▶ DIRECTIONS FOR THIS TASK: For every line below, restate it exactly and drop the images.

▶ GIVEN DATA:
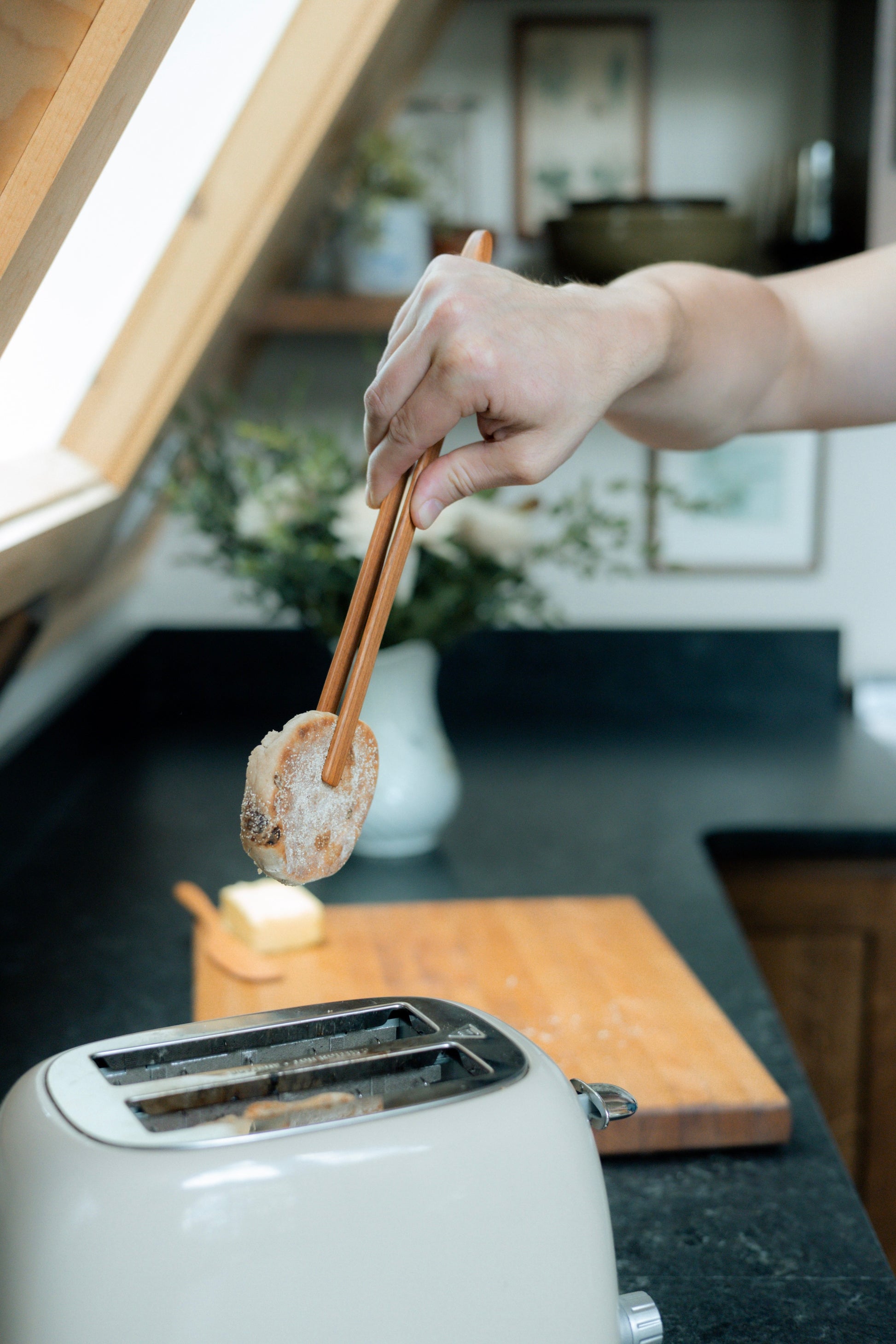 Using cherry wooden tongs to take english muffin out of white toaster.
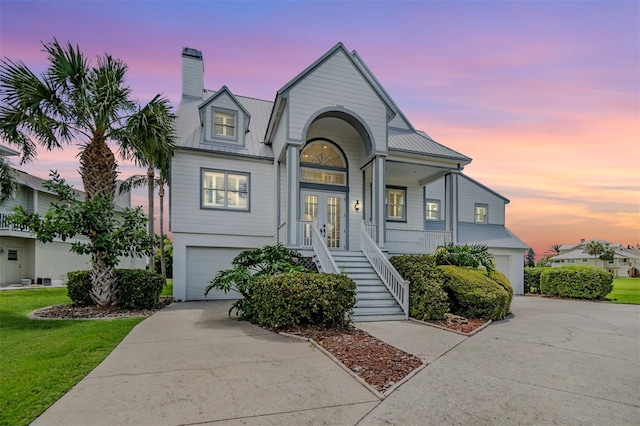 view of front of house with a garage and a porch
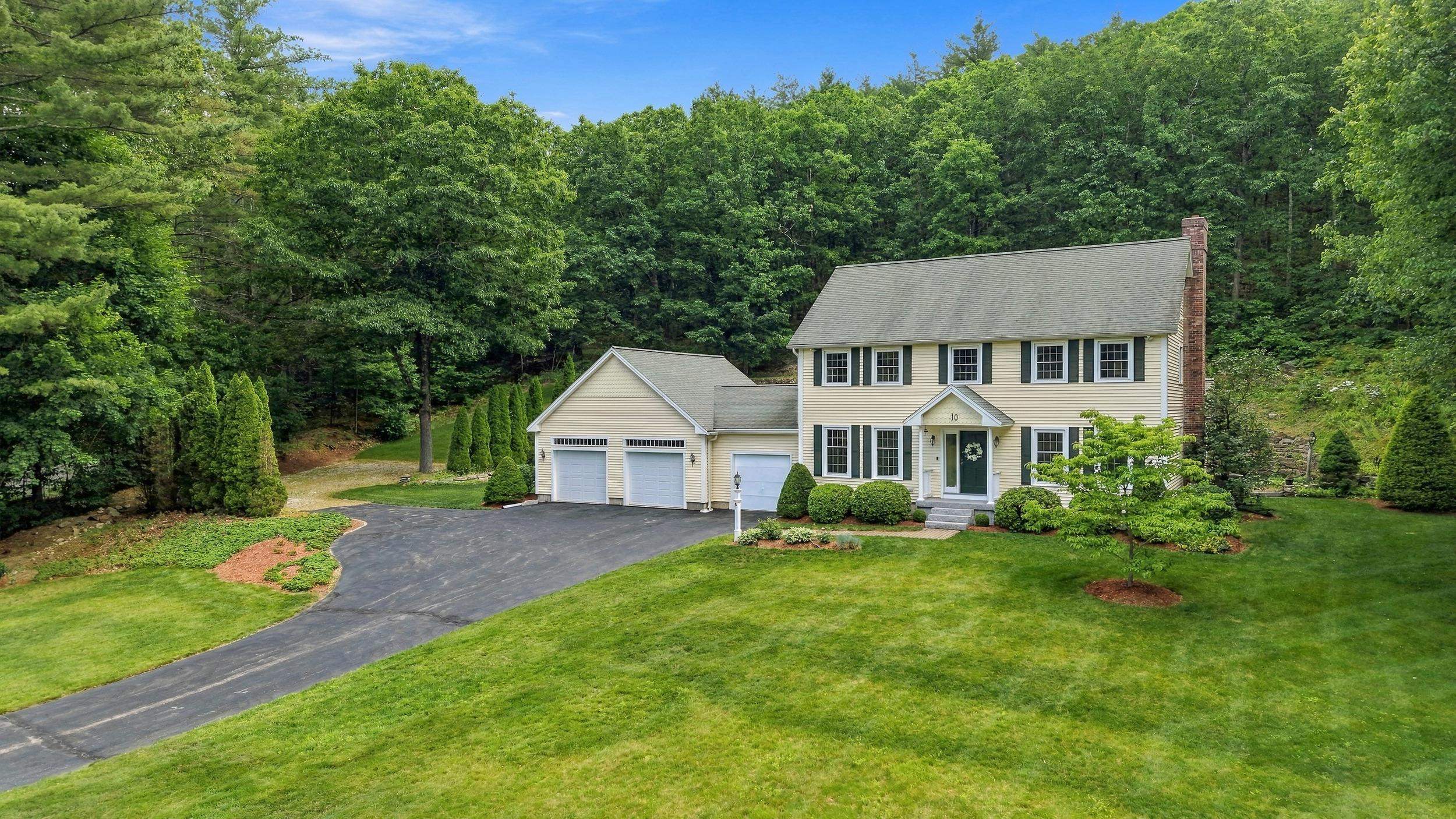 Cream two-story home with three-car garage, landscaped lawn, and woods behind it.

▶ TASK OUTPUT:
 Using cherry wooden tongs to take english muffin out of white toaster.
 view of front of house with a garage and a porch
 Cream two-story home with three-car garage, landscaped lawn, and woods behind it.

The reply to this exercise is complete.